*** Information supplied Section Begins ***

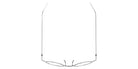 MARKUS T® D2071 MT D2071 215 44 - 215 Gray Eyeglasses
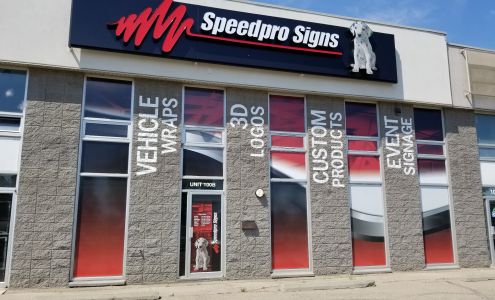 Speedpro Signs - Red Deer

*** Information supplied Section Ends ***
*** Information supplied Section Begins ***

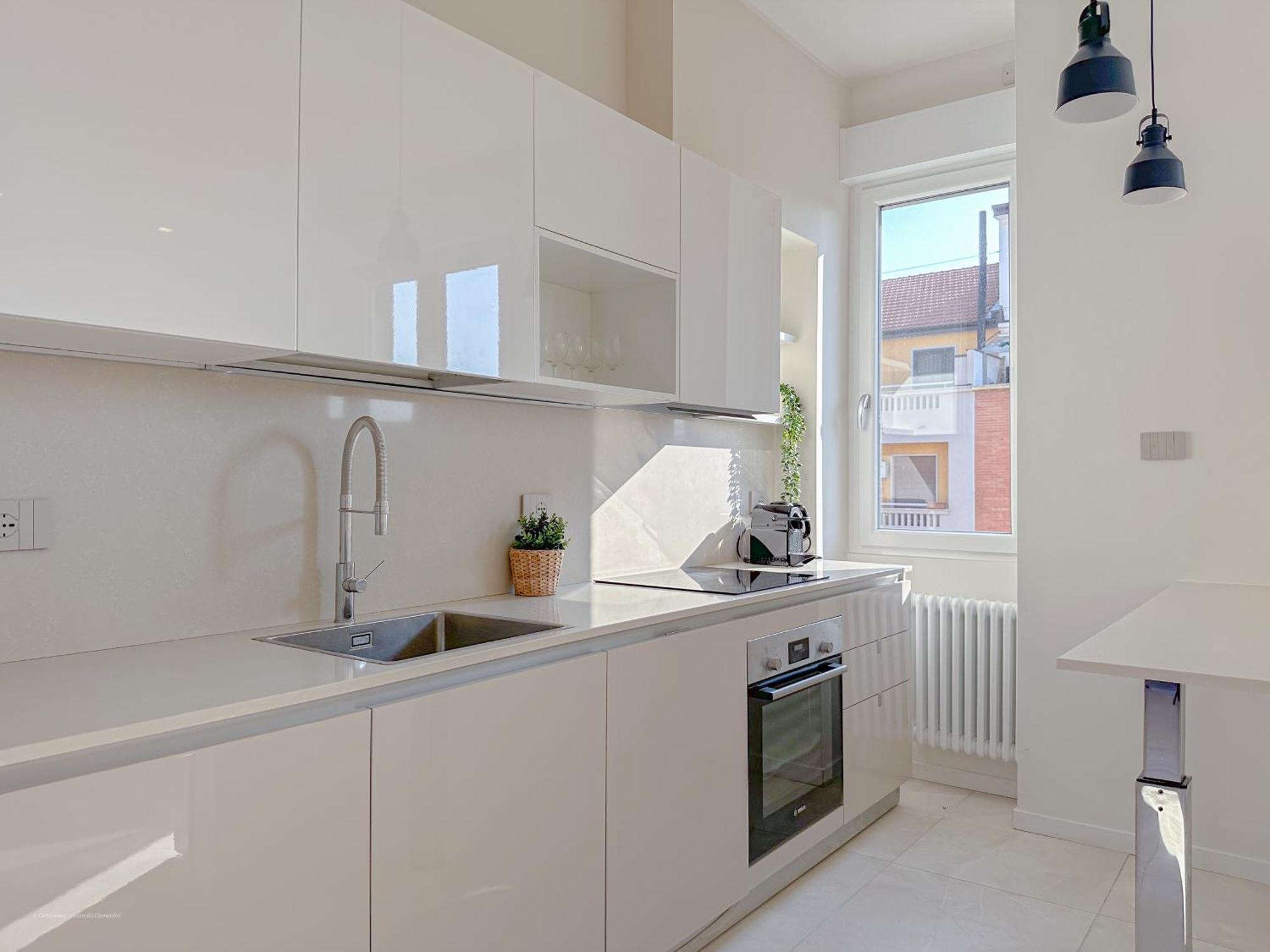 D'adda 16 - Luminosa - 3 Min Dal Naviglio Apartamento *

*** Information supplied Section Ends ***

For this exercise, reproduce exactly the lines of the records above from the one with "MARKUS T® D2071" up to and including the one with "Speedpro Signs - Red Deer", without pictures.

 MARKUS T® D2071 MT D2071 215 44 - 215 Gray Eyeglasses
 Speedpro Signs - Red Deer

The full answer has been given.